Exercise brief: Print exactly the lines from the one that contains "Boutike Cibeles Lägenhet" through the final line of the entries below, both included, and nothing else; omit the pictures.

(Dataset records)
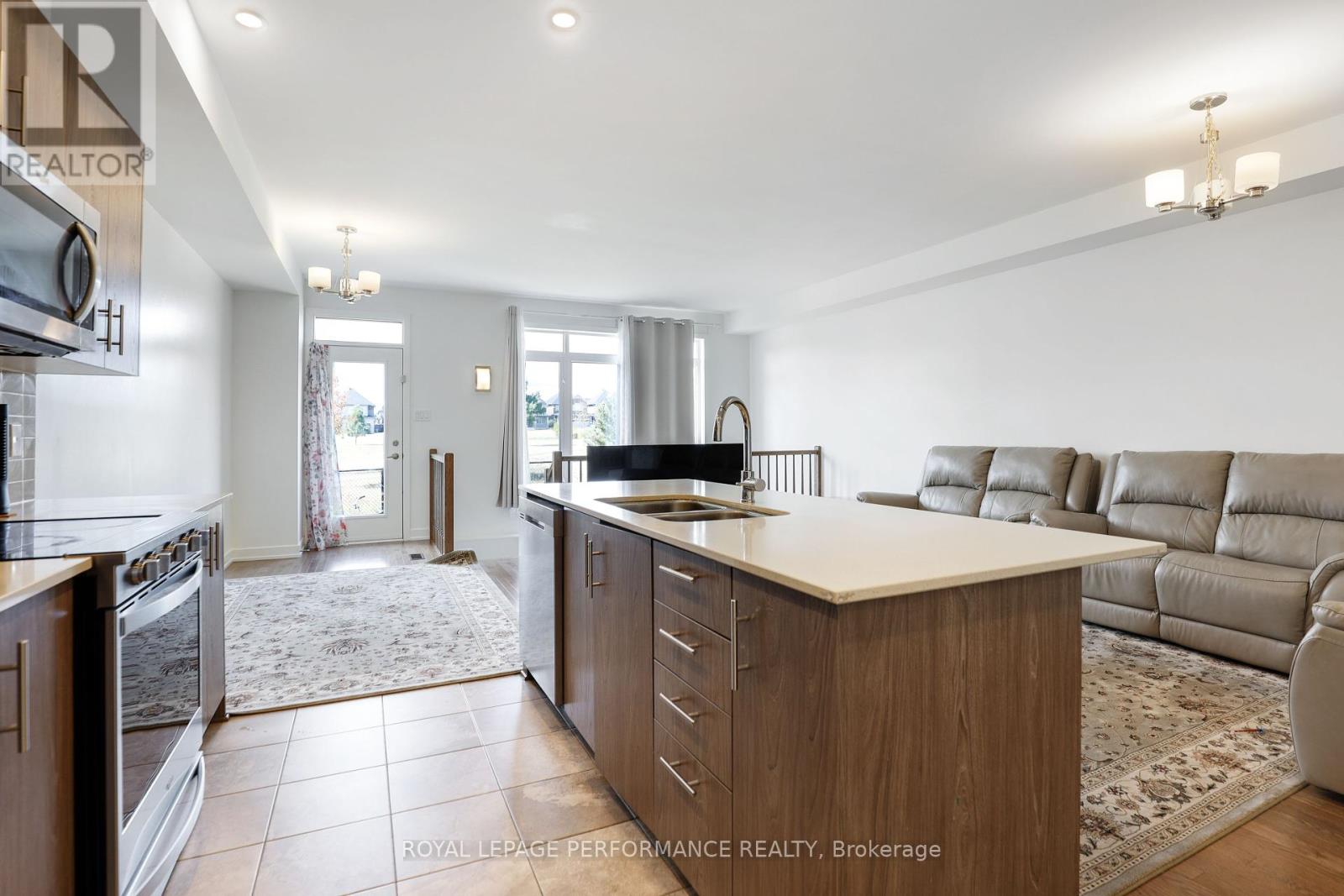Photo 4 of 471 Fernside Street, Ottawa ON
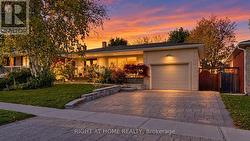 24 STONEDENE BOULEVARD Toronto, ON M2R 3C7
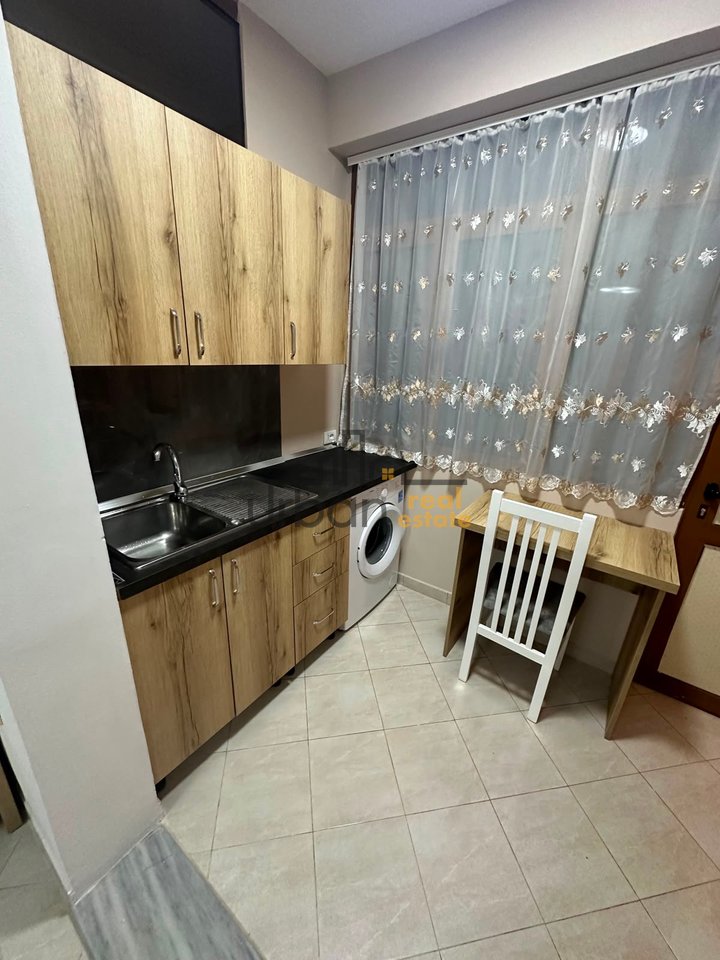 Qera, Garsoniere,  Rruga 5 Maji, Tiranë - 35.000 Lekë | 30 m²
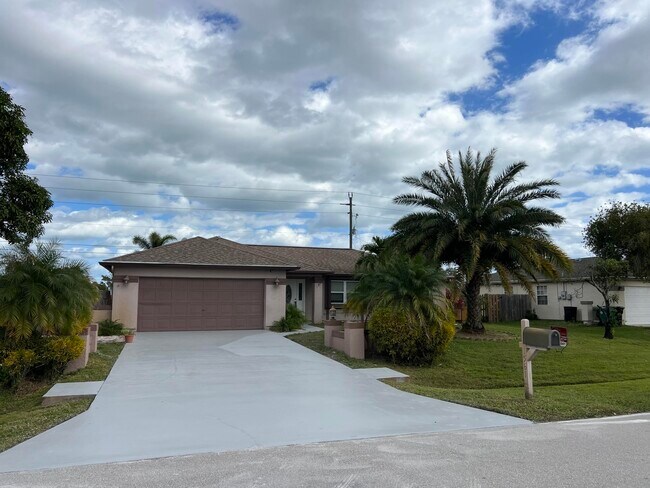 1561 SE Appamattox Terrace in Port St. Lucie, FL - Foto de edificio - Building Photo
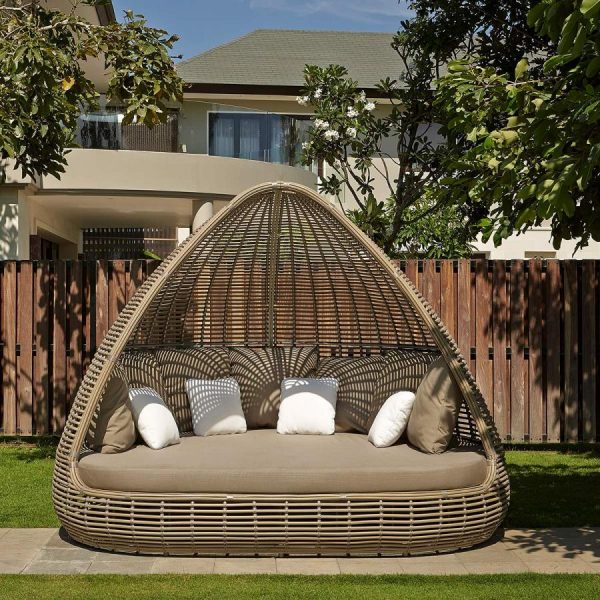 Shade Garden Seat - Image 3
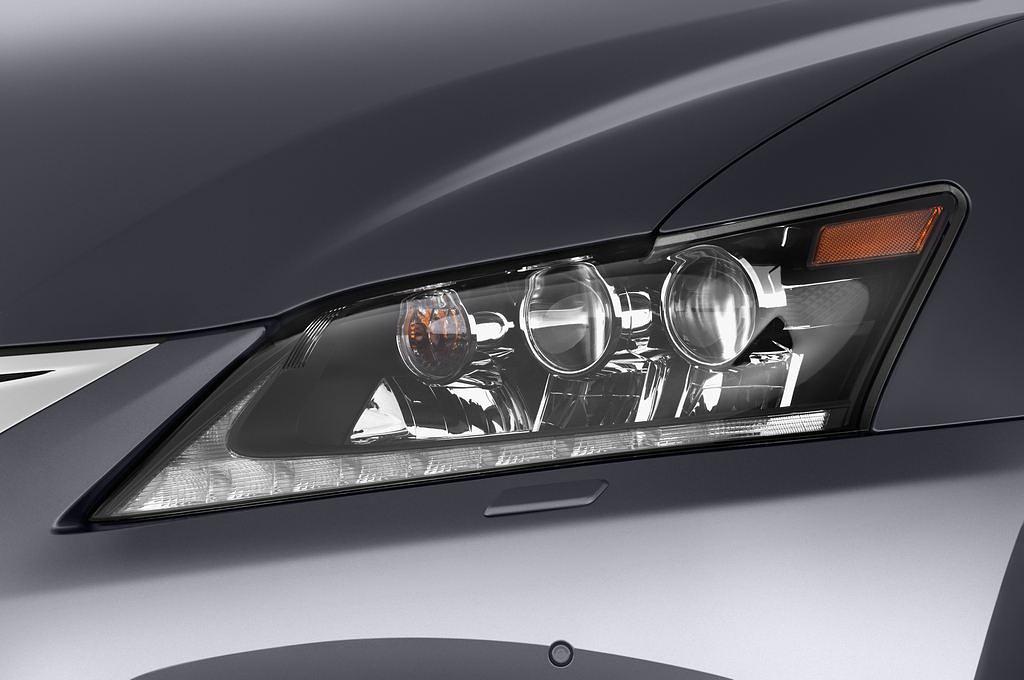 Lexus GS (Baujahr 2014) 300H F Sport 4 Türen Scheinwerfer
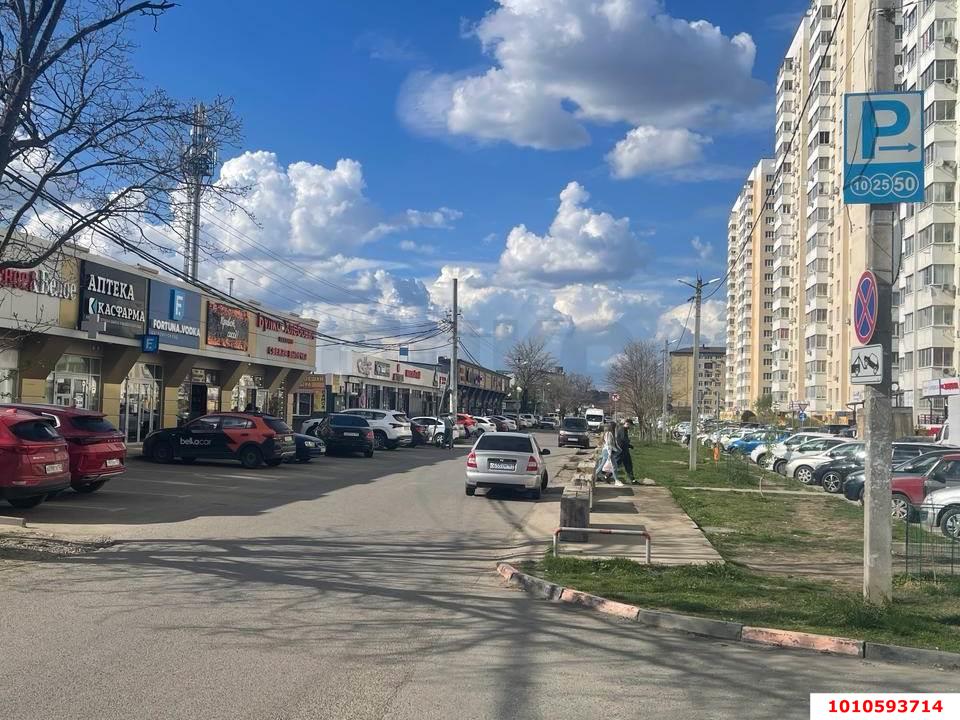 Фото №4: Торговое помещение 138 м² - Краснодар, Пашковский, ул. Лавочкина, 23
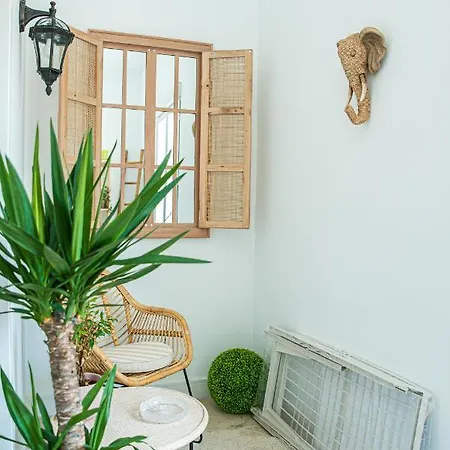 Apartamento Laura Puerto Valencia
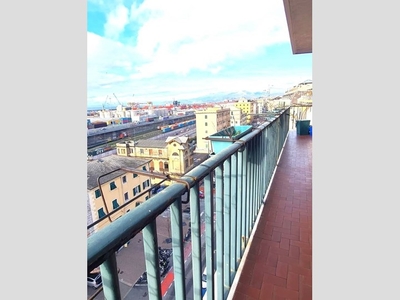 Appartamento in Vendita a Genova, zona Sampierdarena, 115'000€, 102 m²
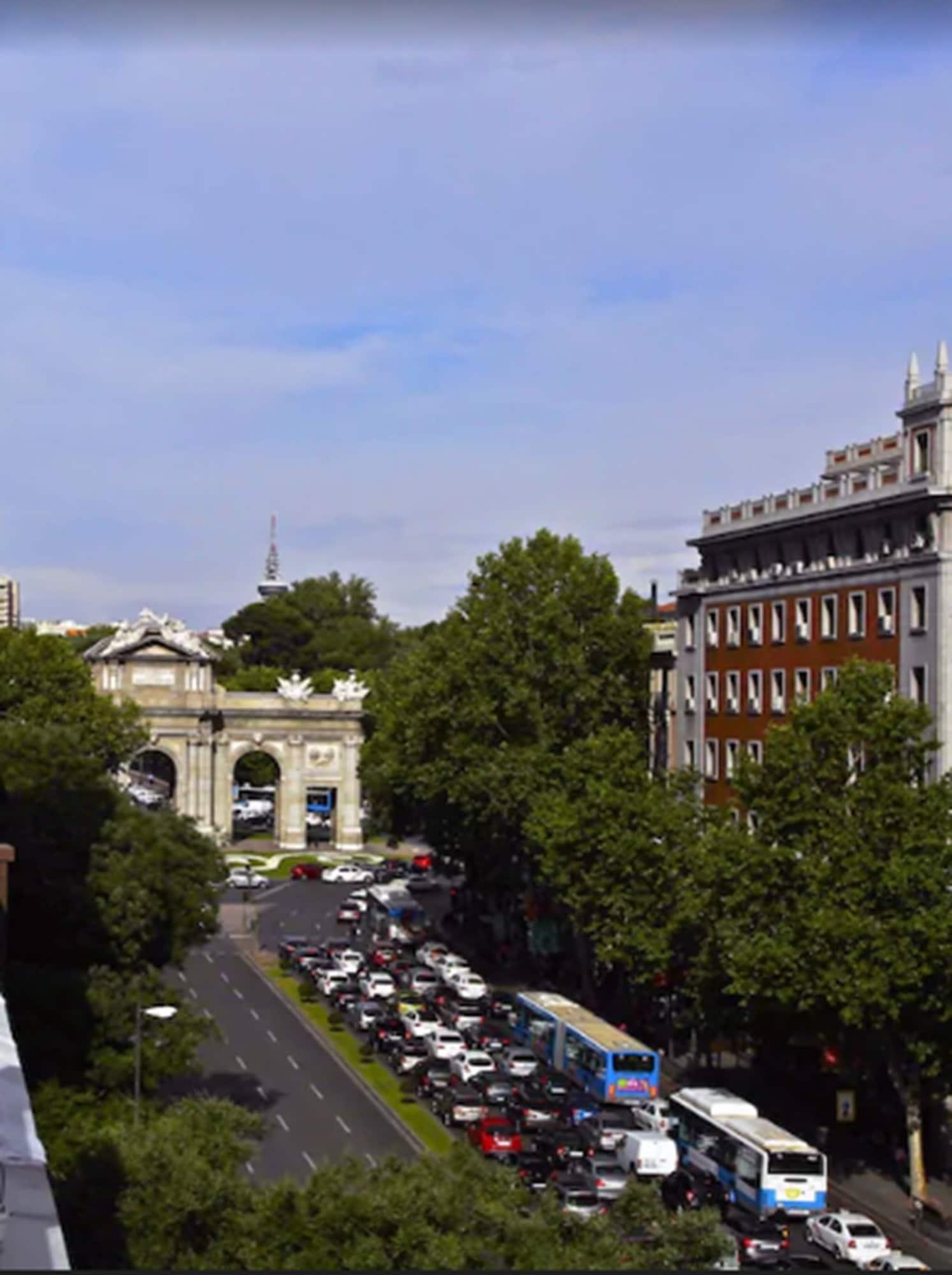 Boutike Cibeles Lägenhet Madrid Exteriör bild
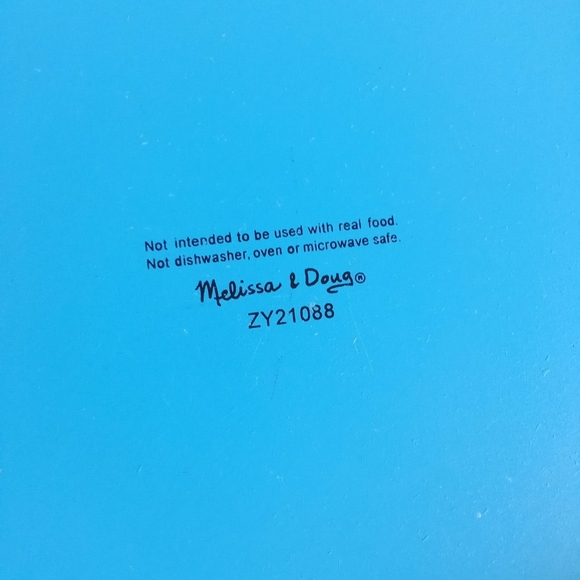 Melissa & Doug Wooden Happy birthday cake plate and candles - Picture 4 of 7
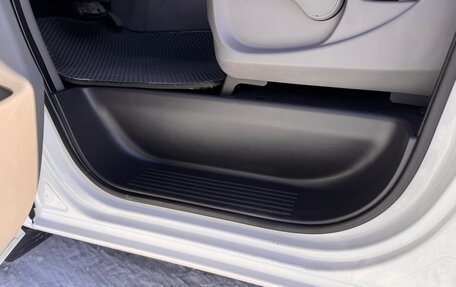 Hyundai H-1 II рестайлинг, 2018 год, 3 050 000 рублей, 27 фотография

Exercise output:
 Boutike Cibeles Lägenhet Madrid Exteriör bild
 Melissa & Doug Wooden Happy birthday cake plate and candles - Picture 4 of 7
 Hyundai H-1 II рестайлинг, 2018 год, 3 050 000 рублей, 27 фотография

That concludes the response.